We begin with the noun 悪銭 (akusen), literally “bad coin.” This can refer to physically-damaged currency, but in this case it means “dishonest money” or “easy money” – i.e. money from gambling or theft, usually. Next we can imagine an elided particle, because what follows is a complete verb phrase: the noun 身 (mi), “body,” “oneself,” marked by the particle に (ni) as the location or destination of the verb 付く (tsuku), “to adhere,” “to be acquired.” This verb appears in negative sentence-final form, and we’re done.
A variant saying replaces 悪銭 with 泡戦 (abuku zeni), literally “foam coin,” more precisely “easy money,” and replaces the final negative suffix ず with negative suffix ぬ (nu). A complementary saying also exists, asserting that money earned honesty does stick around.
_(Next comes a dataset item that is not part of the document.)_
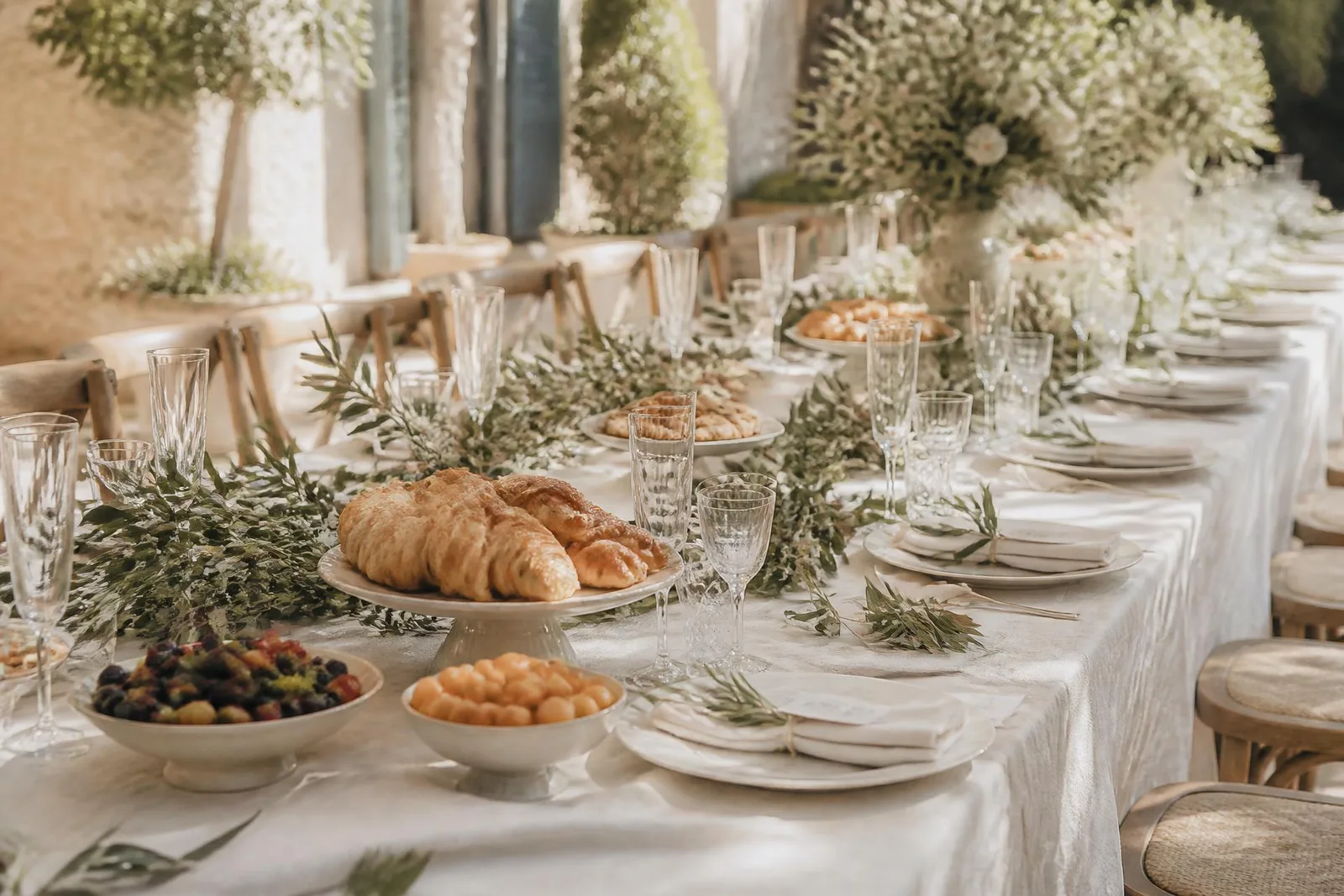 Table de brunch de mariage dressée en extérieur avec viennoiseries et branches d'olivier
This saying is attested from 1860, from a kabuki play titled 三人吉三廓発買 (Sannin Kichisa kuruwa no hatsugai), apparently known in English as “Three Kichisaburōs Go Shopping at the New Year in the Pleasure Quarters.”
(“Kujibiki de gosen en ga atatte, maa ii ka, to omotte sugu ni konbini de oyatsu to juusu wo sanzen en bun mo kacchatta. Hontou ni akusen mi ni tsukazu ne.”)
[“When I won five thousand yen in the lotto I thought, Well, why not?, and immediately bought three thousand yen worth of snacks and drinks at the convenience store. Easy money really does burn a hole in your pocket. ”]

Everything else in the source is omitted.